Women of Washington

Communicating America’s Founding Principles

Women of Washington is an educational organization with a focus on understanding local, national, and global issues that are critical to our world today.


From the Pilgrims’ landing in Massachusetts in 1620, and for the next 150 years, the populations of farm communities and towns continued to grow in North America.  Most of the colonists had come from England and still considered themselves to be loyal British citizens.  However, King George III and his British Parliament viewed the colonists as inferior subjects to be ruled and primarily valued as new sources of revenue for the crown.

At the same time, King Louis XVI and his French Court at Versailles were also eager to expand their sovereign authority over the new world.  Disputes arose between the English and French monarchies over the control of the Ohio Valley and escalated into what became known as the French and Indian War (1755).  Hostilities between these ancient adversaries quickly spread to Europe and escalated into the Seven Years’ War.  In 1763, the Treaty of Paris declared England victorious. However, the cost of the lengthy war nearly depleted England’s treasury.  Parliament began increasing taxes on the colonists for imported English goods and services as a way to replenish England’s coffers.

Following the war, the British Parliament sent 2,000 troops to guard the Boston Harbor against possible French incursions.   This was generally acceptable to the colonists, as it insured their peace, so they willingly paid taxes for the upkeep of the British Army encamped in their towns.  However, their sentiments began to change when they were forced to quarter (house and feed) British troops in their homes, as well as pay additional taxes to pay the costs of British-appointed magistrates judges.

The colonists felt they were being mistreated and, women became especially vulnerable to attacks from unruly British soldiers.  Even though they had to pay for British-appointed judges, their grievances fell on deaf ears.  The colonists were British citizens yet, they were denied legal representation and, in some cases, they were sent to England for trial.  The colonists were feeling their freedoms slipping away.  In addition, since the North American harbors were controlled by the British Navy, the colonists were unable to trade with other countries, which forced them to only buy high-priced merchandise from British sources. 

One of the early taxes Parliament enacted on the colonists was the Molasses and Sugar Act (1764), a commodity imported from the British West Indies.  Recognizing the potential for the colonies to become more self-sufficient, Benjamin Franklin informed Parliament that they would begin producing some of their own materials.  To counter this, Parliament enacted the Stamp Act (1765), which decreed that all paper goods used in the colonies would have to be purchased from England and bear the Crown’s tax stamp.  Tensions continued to mount when the colonists learned about the forthcoming Townshend Act (1768), which levied additional taxes on British china, glass, paint, lead, and tea.  Consequently, Parliament began sending more British troops to Boston to enforce their edicts. 

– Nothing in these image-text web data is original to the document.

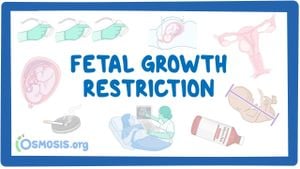 New Model Predicts Fetal Growth Restriction Using Medical History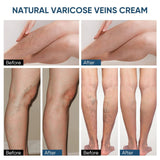 Leg Massage, Relieve Foot Earthworm, Leg Veins Swelling Cream (Pack of 2)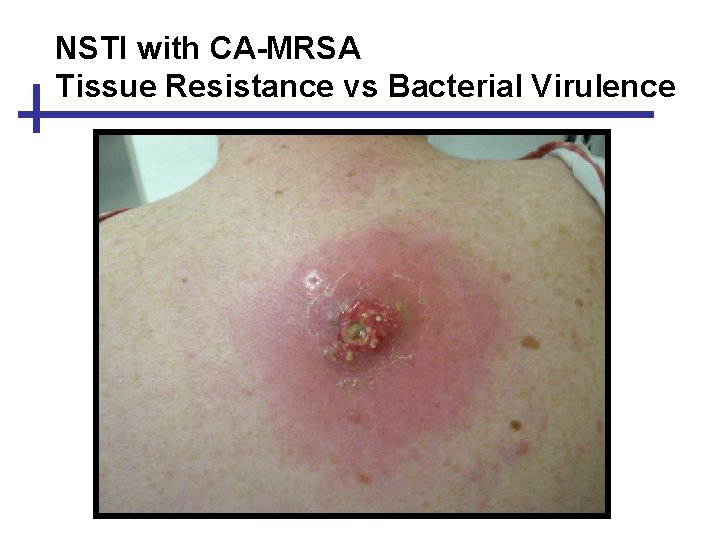 NSTI with CA-MRSA Tissue Resistance vs Bacterial Virulence 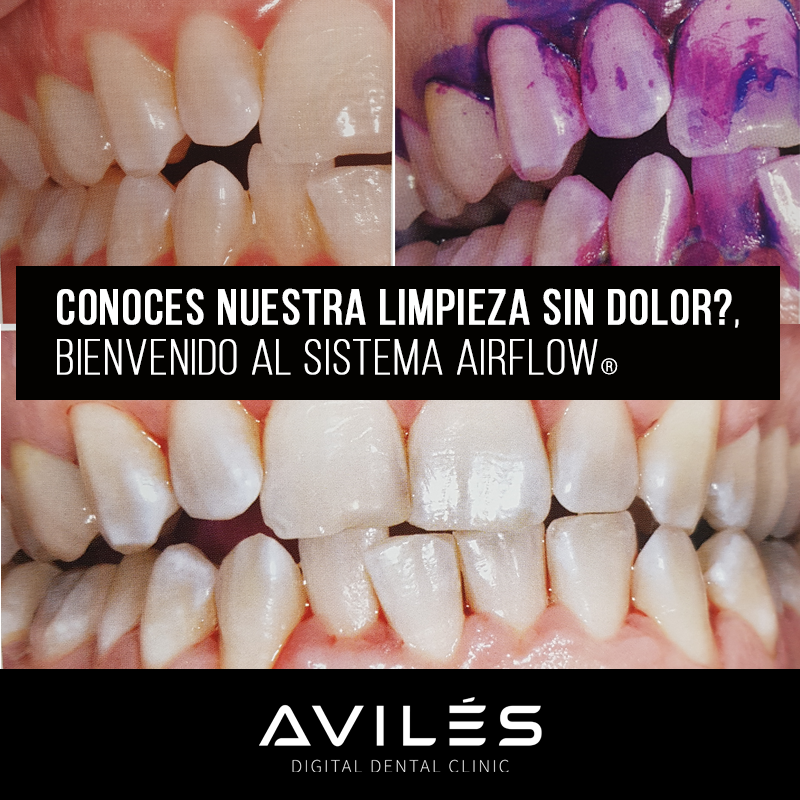 drpabloaviles's tweet photo. El dispositivo más avanzado para limpieza dental y periodoncia es el sistema AirFlow® Profilaxys Master. Infórmate en: https://t.co/SCpU6B7gnc https://t.co/WQLSH7DTgD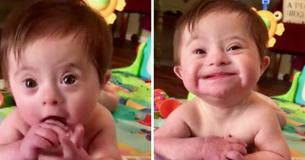 Une petite fille trisomique attire les regards après avoir fait sourire à sa mère adoptive Une petite fille trisomique attire les regards après avoir fait sourire à sa mère adoptive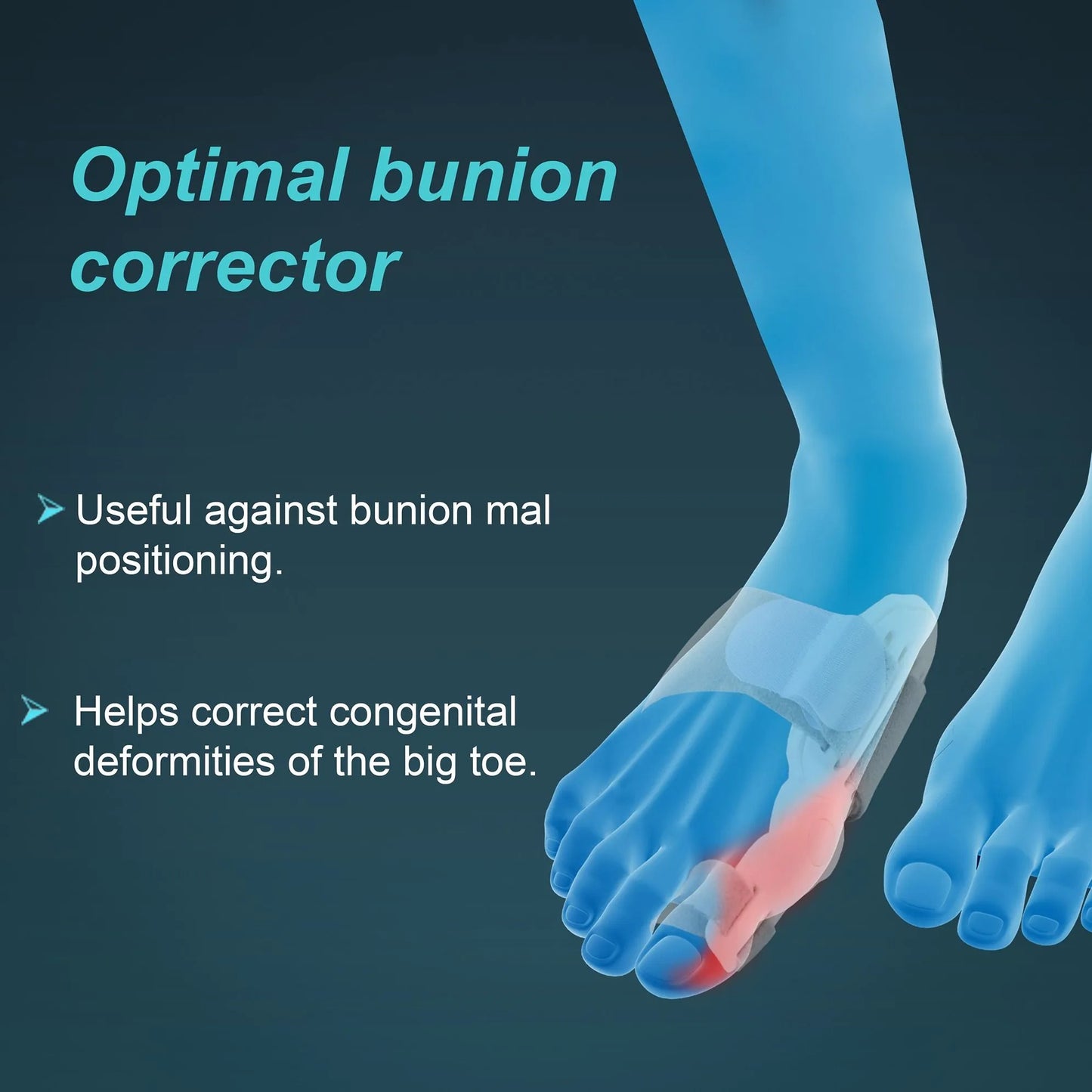 Tynor K14 Bunion Splint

In response to these tyrannical British policies, and while under constant threat of arrest, colonists began meeting in secret to plan strategies to protect themselves from the excesses of Parliament.  Samuel Adams, a cousin to John Adams, was an early opponent of the Stamp Act, and questioned England’s continued right to tax the colonies, stating, “If Taxes are laid upon us in any shape without our having legal Representation where they are laid, are we not reduced from the Character of free Subjects to the miserable State of tributary Slaves?”  His growing leadership among his peers caused the Royal Governor, Thomas Hutchinson, to proclaim, about Samuel Adams, that there was no “greater malignity of heart who has fewer scruples any measure however criminal to accomplish his purposes.”

Samuel Adams, and other Patriot leaders in Boston, structured the first Committee of Correspondence (1772) to “Prepare a statement of the rights of the colonists…” and to serve as “a declaration of the infringements of those rights…”  Their grievances included: Parliament’s assumption of power over the colonies; an illegal collection of taxes; forced home searches and quartering of soldiers during peacetime; undue restraints on businesses; and no legal protection.

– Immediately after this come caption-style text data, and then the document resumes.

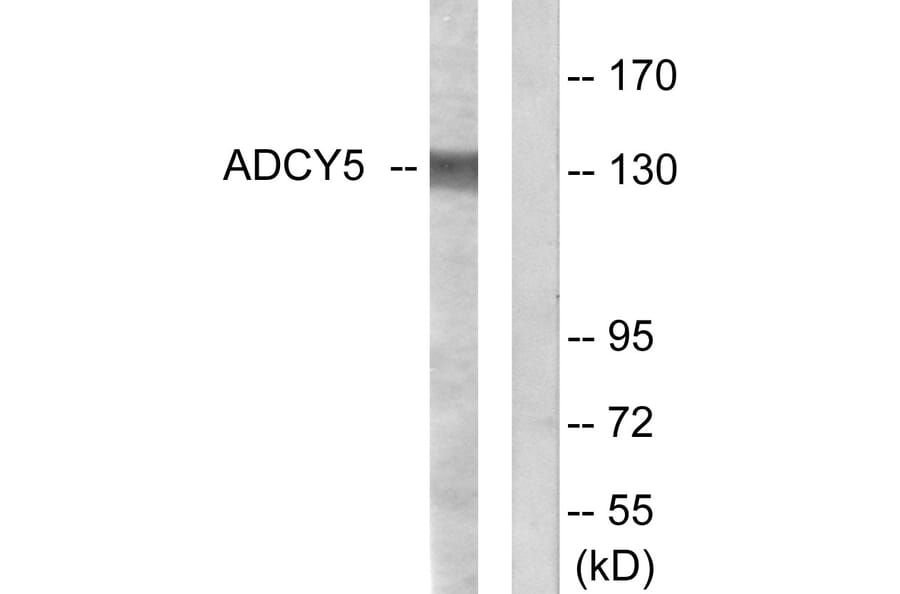 Western Blot - Anti-ADCY5 + ADCY6 Antibody (C12035) - Antibodies.com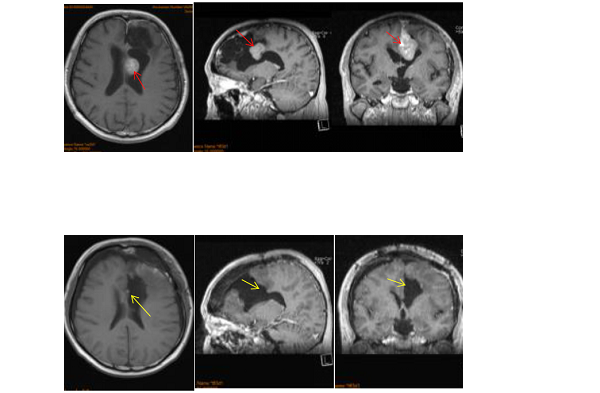 什么是多发脑膜瘤?是恶性的么？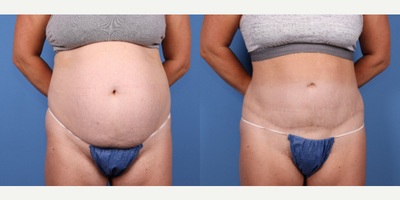 45-54 year old woman treated with Tummy Tuck, Drainless Tummy Tuck, Power-Assisted Liposuction (PAL) - liposuction of abdomen, waist, love handles with abdominoplasty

With the aid of swift horseback messengers, the Boston patriots distributed their list of Parliament’s abuses throughout the thirteen colonies.  They formed a network of colonists that began working together to form their own committees and share their regional grievances at local town hall meetings.  Their use of petitions and planned boycotts caused Parliament to eventually abolish the Stamp Act.

The colonists were keenly aware of the risks of being charged with sedition. However, it became clear that they needed to establish a provisional emergency government to confront and respond to the King’s tyranny.  They were united by the phrase, “Taxation Without Representation.”